Drop the images. Copy every line below character for character.

Supplied material |
----------------------------------------

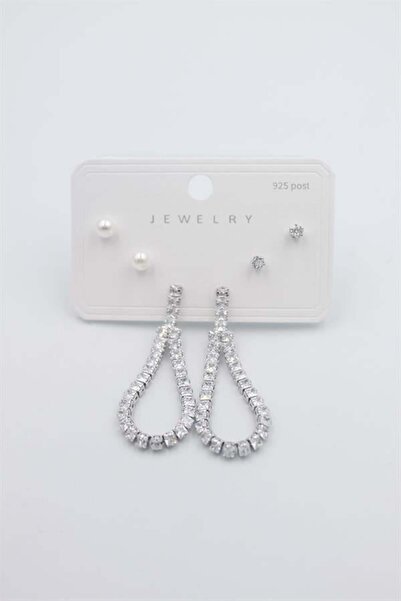 MENESSA Multiple Set Earrings - Silver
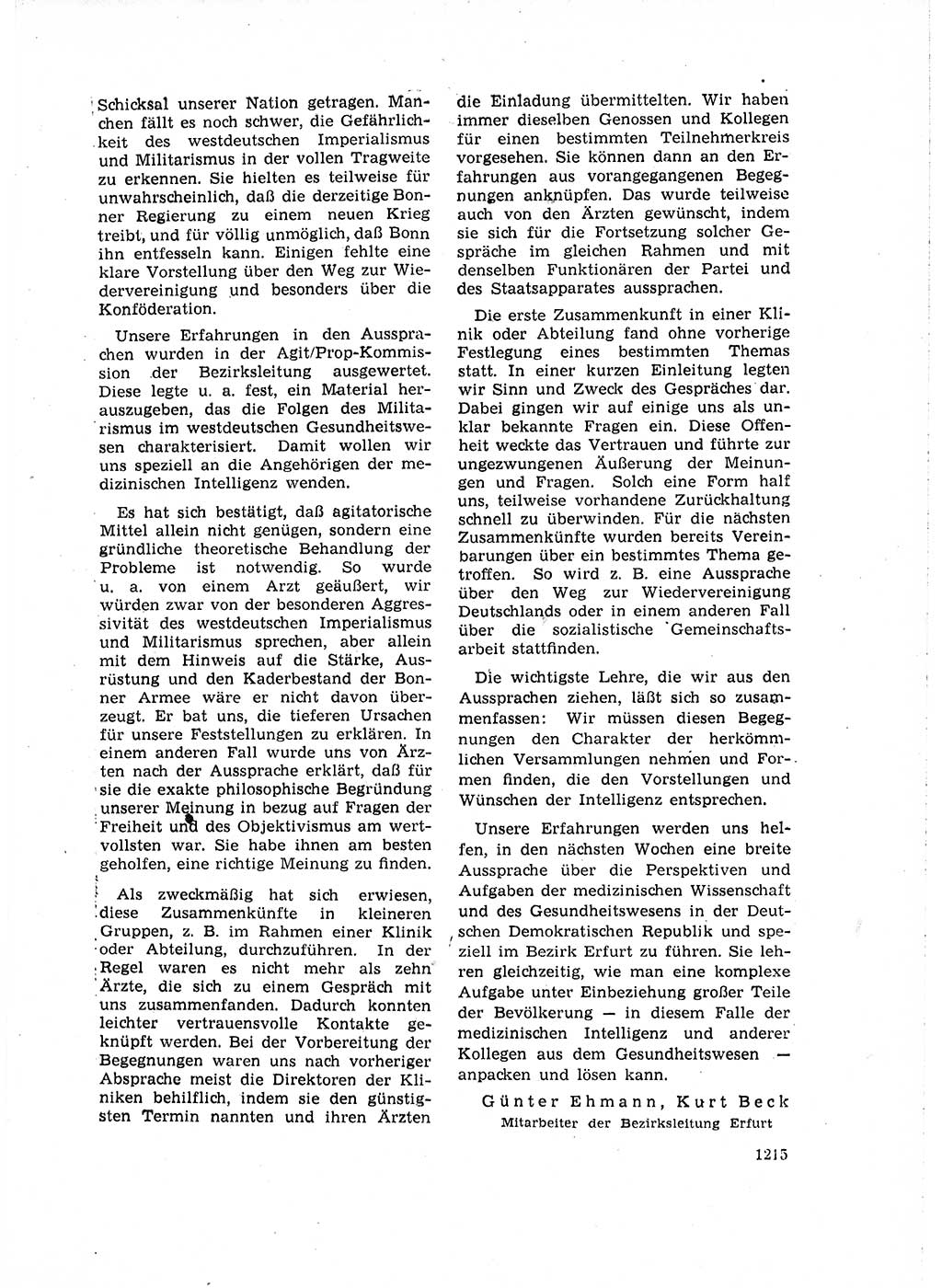 Neuer Weg (NW), Organ des Zentralkomitees (ZK) der SED (Sozialistische Einheitspartei Deutschlands) für Fragen des Parteiaufbaus und des Parteilebens, 14. Jahrgang [Deutsche Demokratische Republik (DDR)] 1959, Seite 1215 (NW ZK SED DDR 1959, S. 1215)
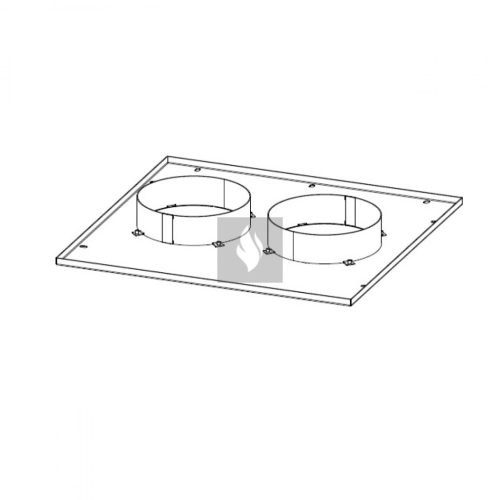Konvekciós burkolat Romotop HEAT HU3LF kandallóbetéthez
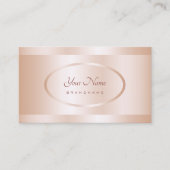 Luxuriöse Rose Gold Effekt Beruflich und stilvoll Visitenkarte (Vorderseite)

----------------------------------------

Result below |
 MENESSA Multiple Set Earrings - Silver
 Neuer Weg (NW), Organ des Zentralkomitees (ZK) der SED (Sozialistische Einheitspartei Deutschlands) für Fragen des Parteiaufbaus und des Parteilebens, 14. Jahrgang [Deutsche Demokratische Republik (DDR)] 1959, Seite 1215 (NW ZK SED DDR 1959, S. 1215)
Konvekciós burkolat Romotop HEAT HU3LF kandallóbetéthez
 Luxuriöse Rose Gold Effekt Beruflich und stilvoll Visitenkarte (Vorderseite)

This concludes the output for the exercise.